These characters include a desperate wet nurse who steals the baby in her care for sale in the international adoption market. A young man with a future returns to his native village to ride in a disastrous horse race. A Guatemalan immigrant in Washington DC learns more than English from a public library volunteer. A teenage girl tries to trap her professor into marriage. I aspire to change ignorance into empathy. When readers know more about the migrants on the street corner looking for work, they ail make better decisions about immigration reform. Americans need to know what the drug trade has done to Guatemala. When considering a foreign adoption, they need to know about the baby farms. The countries change--Cambodia, Vietnam, Guatemala, Ethiopia, Haiti, Nepal--but the human trafficking goes on.
The short story form has allowed me to follow my passions from character to character. They are human stories that touch readers with their familiar emotions and dilemmas even though the setting is foreign. They are stories of love and struggle, between men and women, husbands and wives, parents and children, and among members of a close-knit community. The stories flowed out at the same time I was working on a novel. When I finished the last story, “Saints and Sinners,” I knew I had a collection.

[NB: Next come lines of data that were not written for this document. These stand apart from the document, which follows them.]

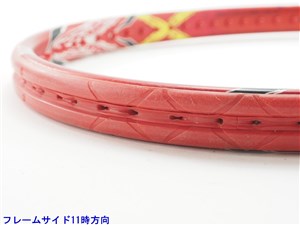 BRIDGESTONE - 中古 テニスラケット ブリヂストン エックスブレード ブイアイ 305 2016年モデル (G2)BRIDGESTONE X-BLADE VI 305 2016 中古】ブリヂストン エックスブレード ブイエックス 295 2015年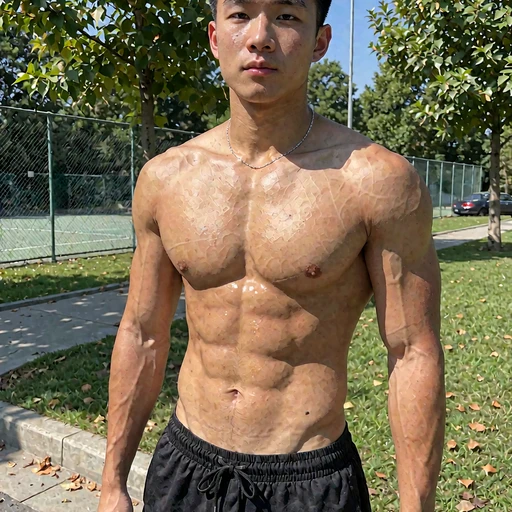 RealSportsMale|更真实的黑皮体育生 v1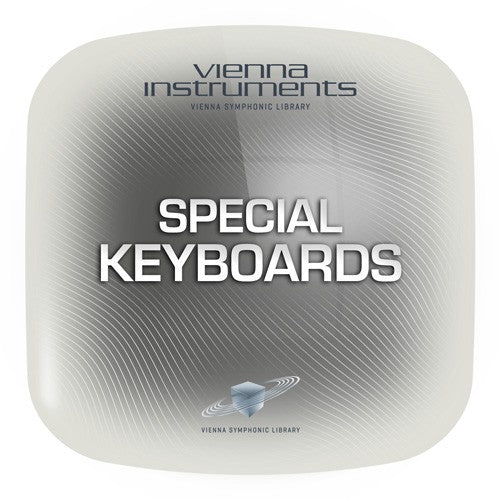 VSL Special Keyboards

EWN: Where do short stories fit within your life as a reader?
Deborah: I read fiction continuously, every day. I divide my reading between novels and short stories and I find both forms nourishing in different ways.
EWN: How will you be celebrating National Short Story Month this May?

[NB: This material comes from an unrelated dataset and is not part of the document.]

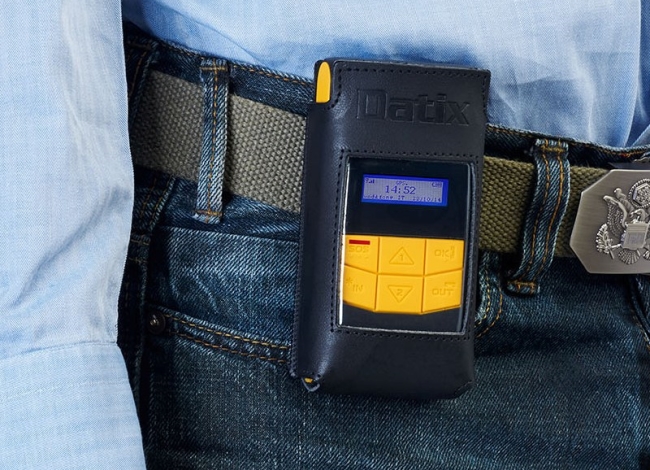 Datix® Wi-Trak Pro G-GPS Rfid (GPRS/GPS)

Deborah: Reading Emerging Writers Network and discovering new short story collections to add to my reading list.
EWN: Thank you very much for your time!
Deborah: Thank you for honoring short stories!
Deborah Clearman studied art history and fine arts at Bryn Mawr College and pursued a career in painting. Represented by First Street Gallery in New York City, her paintings and prints have been widely exhibited in galleries and museums. She wrote and illustrated The Goose’s Tale for children. Todos Santos, her first novel, came out in 2010 from Black Lawrence Press. Her short story collection, Concepción and the Baby Brokers—and other stories out of Guatemala was published in 2017.
For eight years Deborah was Program Director for NY Writers Coalition, a nonprofit organization that offers free writing workshops to underserved communities throughout New York City. Deborah has led creative writing workshops in such nontraditional venues as senior centers, public housing projects, adult basic education programs, and prisons. Since 2011 she has led an ongoing weekly writing workshop for women in jail on Rikers Island. A member of PEN, she serves on the Prison Writing Committee.